→ **Task prompt**: Where an entry holds an image, leave the image out; otherwise reproduce the entry exactly.

Image-text web data
————————

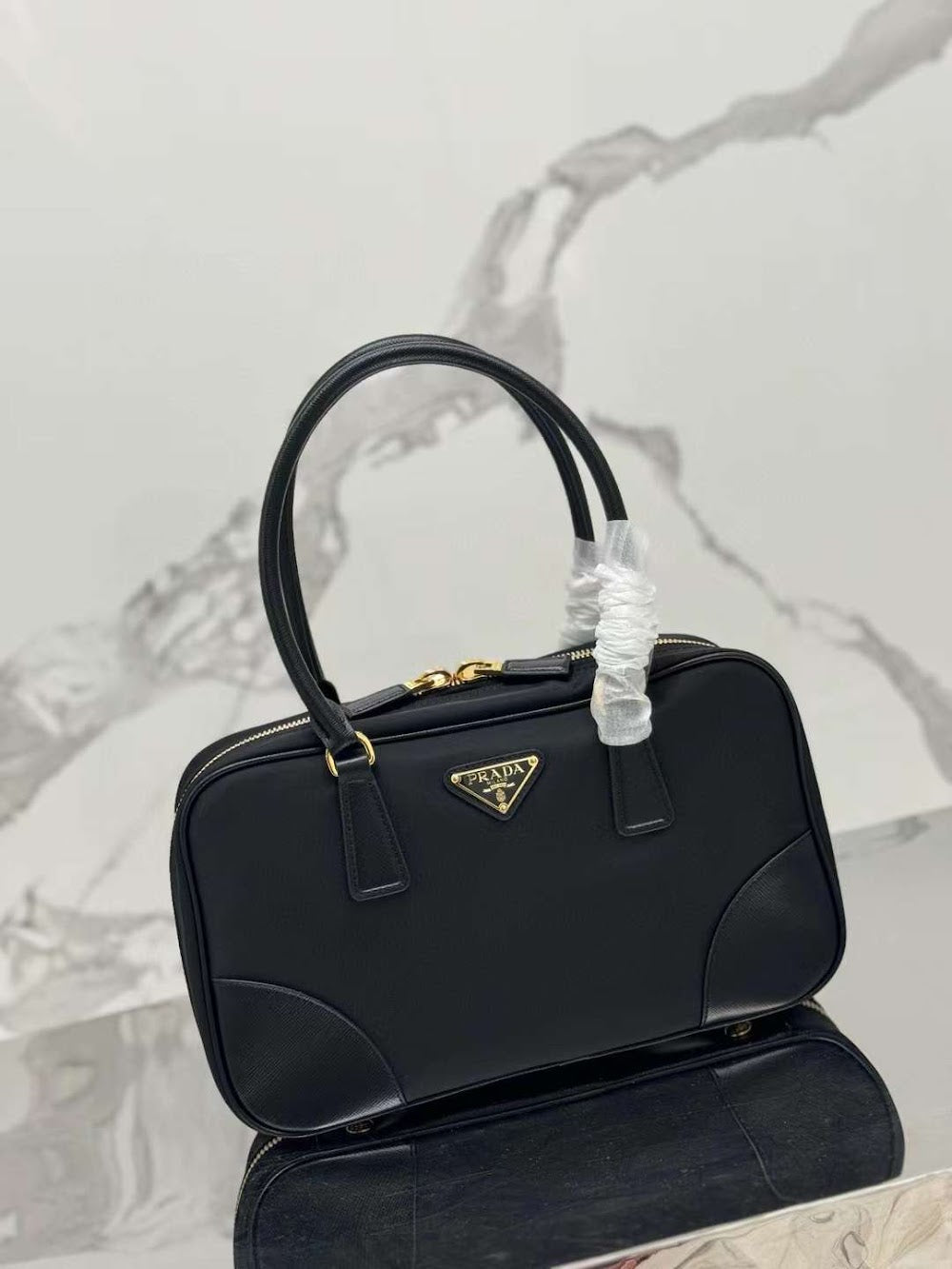 Ezyycart Bags Prada Luxury Bag --54259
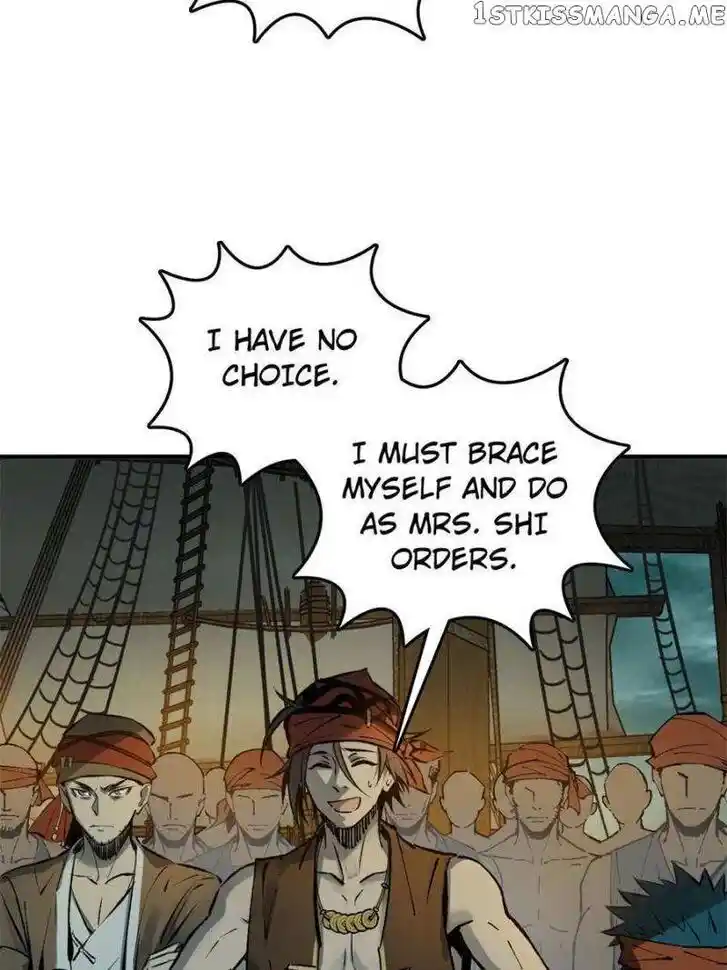 The Beginning From Gu Huo Niao Ch.169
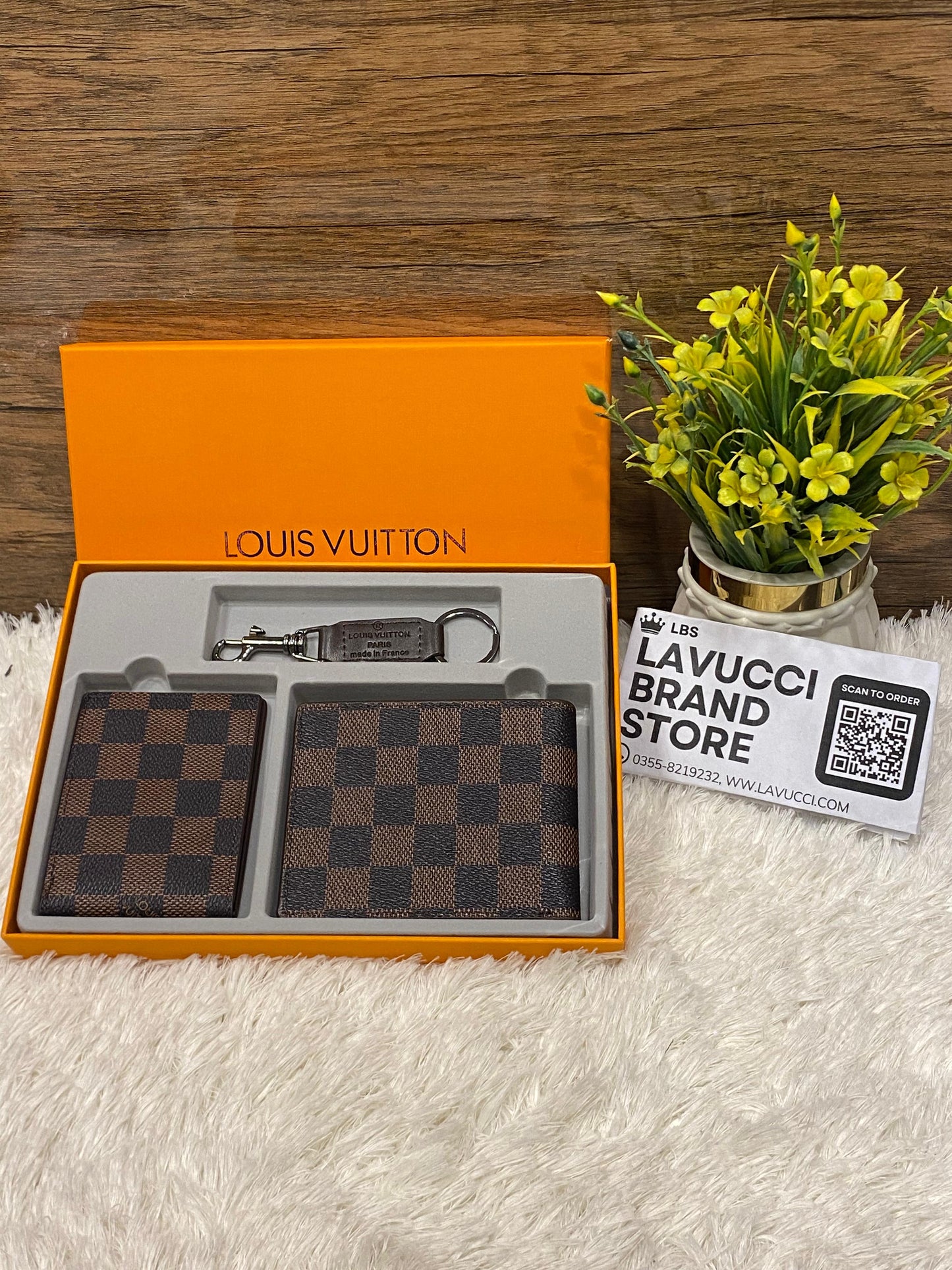 LV check 3in1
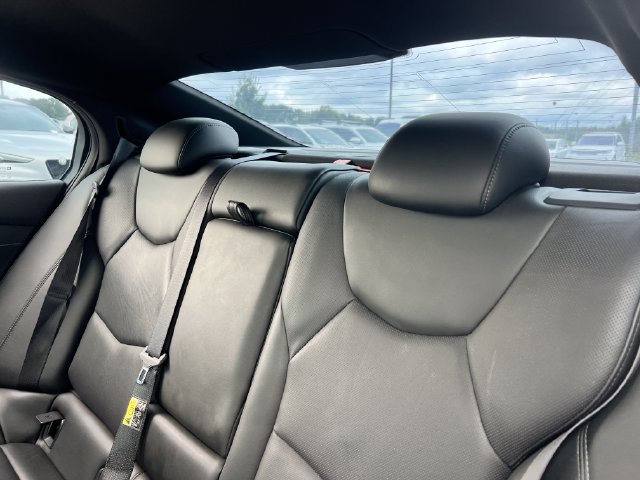 Used 2021 Cadillac CT5 Premium Luxury RWD image 20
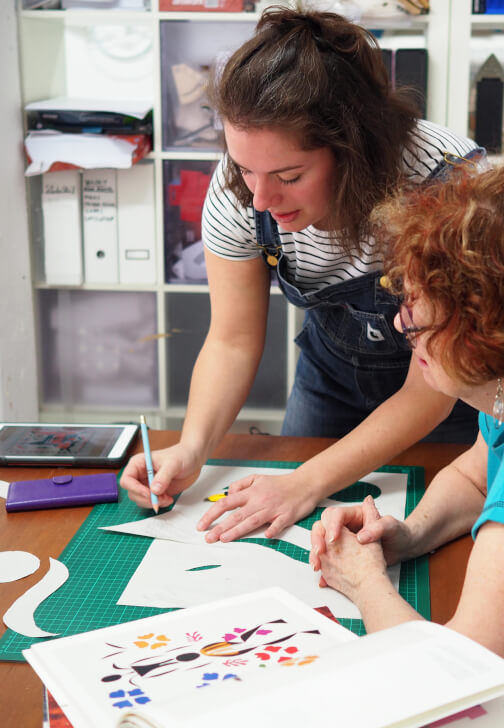 Introduction to Screen Printing Workshop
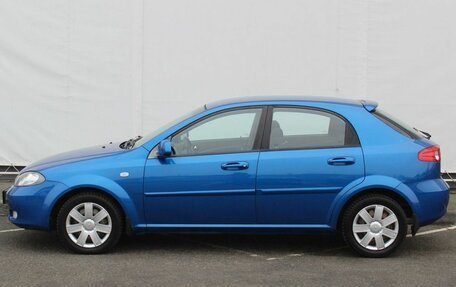 Chevrolet Lacetti, 2010 год, 599 000 рублей, 8 фотография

————————

→ **Solution for this task**:
 Ezyycart Bags Prada Luxury Bag --54259
 The Beginning From Gu Huo Niao Ch.169
 LV check 3in1
 Used 2021 Cadillac CT5 Premium Luxury RWD image 20
 Introduction to Screen Printing Workshop
 Chevrolet Lacetti, 2010 год, 599 000 рублей, 8 фотография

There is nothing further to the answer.